To prevent this issue, we suggest reducing the Transaction Deadlock Detection Timeout from 10s to 3s. Please perform the following steps:
1. Log in as the root user on SPF all nodes of the Master site and stop the provisioning:
systemctl stop spf_soap
2. From the NDB Cluster Management Node (MGR) or any of the SPF nodes of the Master site, take a backup of SPF DB:
ndb_mgm -e "start backup"
3. Check the backup files on all SPFs. The highest BACKUP-XX folder number contains the backup just taken:
ls –lth /dbspf/mysqlcluster/BACKUP/
4. Edit the config.ini file in the MGR node of the Master SPF cluster.

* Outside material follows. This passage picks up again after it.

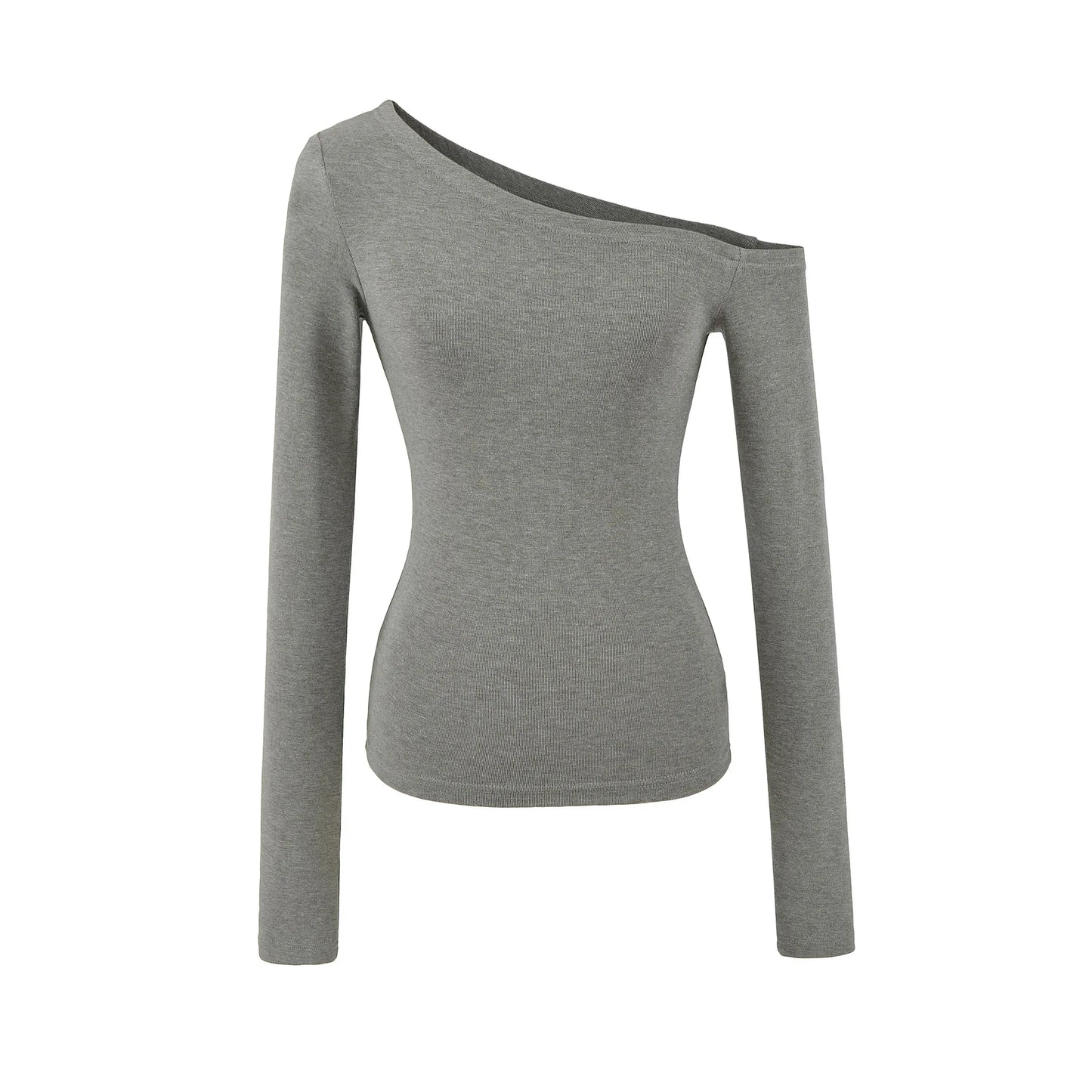 Half shoulder long shirt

cp /var/lib/mysql-cluster/config.ini /var/lib/mysql-cluster/config.ini_BKP
vi /var/lib/mysql-cluster/config.ini
Transaction Deadlock Detection Timeout will be changed from: TransactionDeadlockDetectionTimeout=10000 To: TransactionDeadlockDetectionTimeout=3000 |
5. As root user in the NDB Cluster Management Node (MGR), restart the management server to read in the new configuration file:
ndb_mgmd
1 stop
Quit
ndb_mgmd --config-file=/var/lib/mysql-cluster/config.ini --reload
6. Restart all SPF nodes one, at a time executing the following commands:
systemctl stop mysql
systemctl stop ndbmtd
systemctl start ndbmtd
systemctl start mysql
7. Check the NDB Cluster running the following command from any of the nodes:
ndb_mgm -e "show"
8. As 'textpass' user, check SPF processes:
tp_status
9. Start the provisioning on all SPF nodes as the root user:
systemctl start spf_soap
Testing
Once the change is implemented, please monitor the nodes for some time to ensure the normal functioning of Lithium SSI. If the issue persists, please open a support ticket sharing the tp_walkall and syslogs from the SPF and SMR nodes covering the moment of the SSI crash.